Brasília (AE) – A convenção do PT está marcada para sábado, mas a principal máquina a serviço da reeleição do presidente Luiz Inácio Lula da Silva trabalha em passo acelerado. Com passagem e estada pagas, os 1.500 coordenadores dos Centros de Referência de Assistência Social (Cras), a ponta-de-lança do trabalho do governo junto à população humilde em 1.600 municípios do País, foram levados a Brasília para um encontro encerrado ontem à tarde, após três dias de seminários, palestras e muito teatrinho didático que já foi a glória das pastorais católicas. Nos locais de origem, cidades e localidades estratégicas do ponto de vista da carência social e da riqueza eleitoral, os Cras agrupam 6.600 funcionários às voltas com benefícios diversos e um foco especial no Bolsa Família. ?Esta eleição (presidencial) vai ser o grande teste do sistema,? afirma, sem maiores rodeios, o secretário Nacional de Assistência Social, Oswaldo Russo, principal braço político do Ministério do Desenvolvimento Social e Combate à Fome depois do ministro Patrus Ananias.

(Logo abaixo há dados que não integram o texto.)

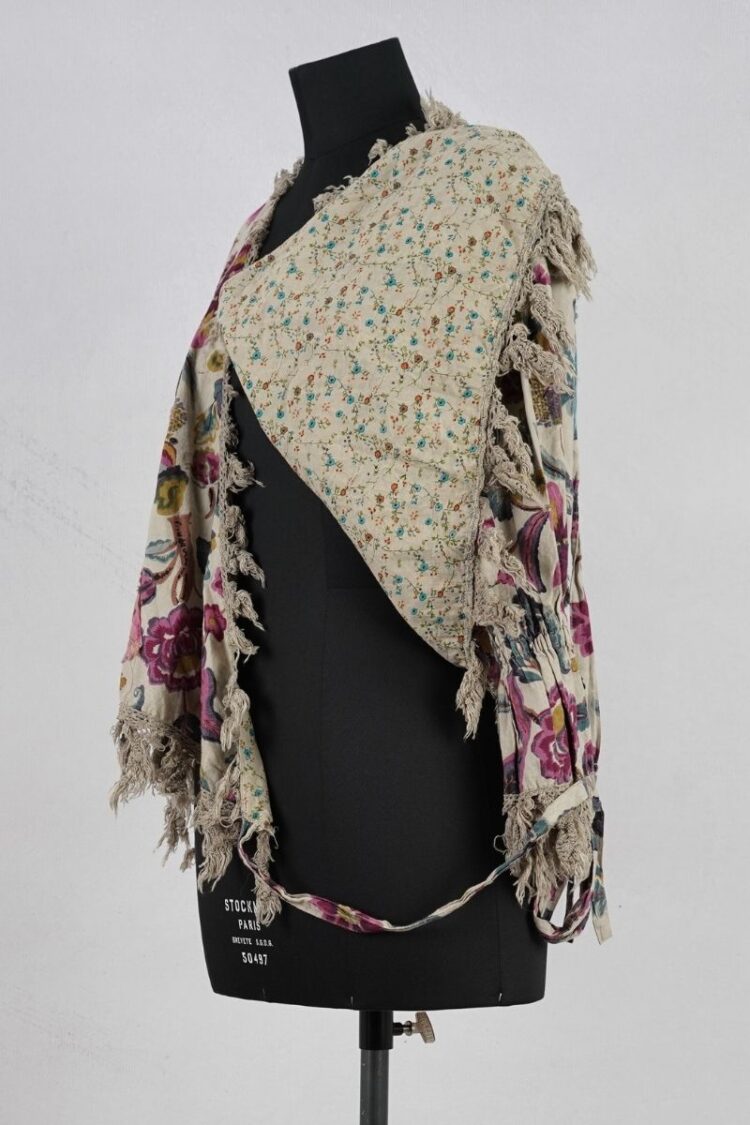 jls-veste-ojas-double-abby-maud-profil-1 jls veste ojas double abby maud profil 1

Para o secretário Nacional, que teve participação marcante na maioria dos debates e fez o discurso de encerramento, ?o debate vai mostrar quem faz a melhor gestão. Não fazemos troca de votos. Elevamos a assistência à condição de política pública, um direito e não um brinde eleitoral.? Oswaldo Russo costuma recordar um número obrigatório na campanha: em 2002 o governo de Fernando Henrique Cardoso gastou R$ 6 bilhões com assistência social. Lula baterá em R$ 20 bilhões em 2006.

Os coordenadores do CRAS são os profissionais daquele terreno aonde o Estado brasileiro se encontra com a pobreza em sua feiúra e horror. Participam de reuniões com idosos, ouvem donas-de-casa e recebem pedidos de emprego, controlam benefícios e tomam decisões. Nomeados pelas prefeituras, suas opções políticas são variadíssimas: há os eleitores e os inimigos de Lula, os burocratas e os abnegados. Todos reconhecem o potencial eleitoral dos benefícios distribuídos por Brasília. ?Não é preciso pensar muito para reconhecer que a assistência social envolve antes de tudo uma questão política,? afirma Maria del Pillar Ferror, que coordena dez Cras em Santos, num trabalho iniciado há uma década, quando os programas de renda mínima engatinhavam no País.